Utility theory provided the theoretical base on which hypotheses were developed. Socioeconomic and social-psychological variables associated with providing utility to the financial manager and/or empirically tested in a previous study were included in the model for this study.
For analysis purposes, the eight states were assigned randomly and equally to A-Half, analysis, and V-Half, validation, subsamples. Multiple regression analysis was used to determine the variables that influenced perceived economic well-being. Three stages of regressions were run: preliminary, combined, and final. The first two stages were run with the stepwise procedure, and the final stage was the regular regression.
A composite measure of the dependent variable, perceived economic well-being, was created using factor analysis. Seven variables were combined to create the index: (a) satisfaction with amount of money family is able to save, (b) satisfaction with amount of current debt, (c) satisfaction with current total household income, (d) satisfaction with level of consumption, (e) satisfaction with resources available to meet a financial emergency, (f) satisfaction with amount of household net worth, and (g) perceived income adequacy.

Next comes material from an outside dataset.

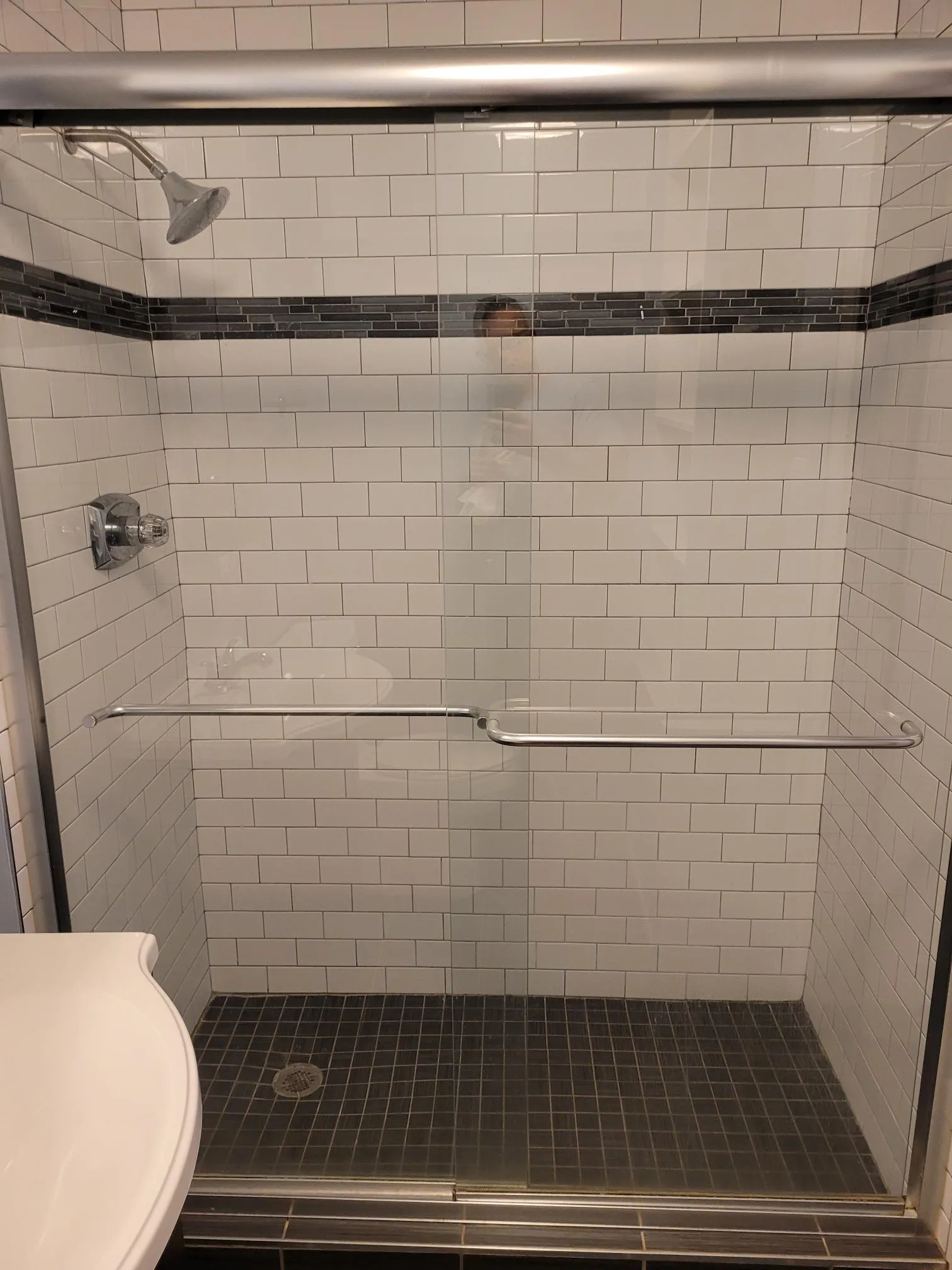 3259 N LEAVITT ST 60618-School & Leavitt-unit#1R-Chicago-IL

Eight variables were significant (p $\leq$.001) and explained.74 and.75 of variance in perceived economic well-being in the A-Half and V-Half subsamples, respectively. Only one, total household income, was a socioeconomic variable. The social-psychological variables were: (a) present financial condition compared to 5 years ago, (b) how often you save on regular basis for goal(s), (c) how often you make only minimum payments on charge accounts, (d) satisfaction with resources, (e) how often you worry about where money will come from to pay bills, (f) level of living, and (g) frequency of financial problems.